Chunking¶

When parallelizing operations over distributed arrays, sometimes you’ll want more fine-grained control than just which axis to operate over. We expose a chunk method for this use case, which is actually the same operation we use under the hood for distributed transposes.

To chunk an array, just call chunk and specify the desidred size of each chunk along each axis of the arrays in the values. For example, starting with a simple array

>>> a = ones((5, 20, 10), sc)
>>> a.shape
(5, 20, 10)

We can chunk into subarrays of shape (5,5).

>>> c = a.chunk((5, 5))

The “shape” is still the same

>>> c.shape
(5, 20, 10)

But if we look at the first record of the underlying RDD and compare to the original, we see that the shapes are different

>>> a.tordd().values().first().shape
(20, 10)

>>> c.tordd().values().first().shape
(5, 5)

While narray is chunked you can perform map operations which operate in parallel over the chunks (including operations that change shape)

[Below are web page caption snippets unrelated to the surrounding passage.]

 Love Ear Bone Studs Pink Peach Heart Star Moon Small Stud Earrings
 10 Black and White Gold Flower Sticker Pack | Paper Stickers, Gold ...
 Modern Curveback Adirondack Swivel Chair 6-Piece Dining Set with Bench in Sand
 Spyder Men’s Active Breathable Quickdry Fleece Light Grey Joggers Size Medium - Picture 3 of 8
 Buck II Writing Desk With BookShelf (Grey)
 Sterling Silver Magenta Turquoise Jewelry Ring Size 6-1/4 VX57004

>>> c.map(lambda x: x * 2)
>>> c.map(lambda x: x.sum(axis=0))

And you can restore the original with unchunk

>>> c.map(lambda x: x * 2).unchunk().toarray().shape
(5, 20, 10)
>>> c.map(lambda x: x.sum(axis=0)).unchunk().toarray().shape
(5, 20, 2)

Chunking is especially useful when elements defined by even individual axes or pairs of axes are very large (such as long time series or large images) and you want to operate in parallel over portions (like windows or tiles) and then continue with other array operations.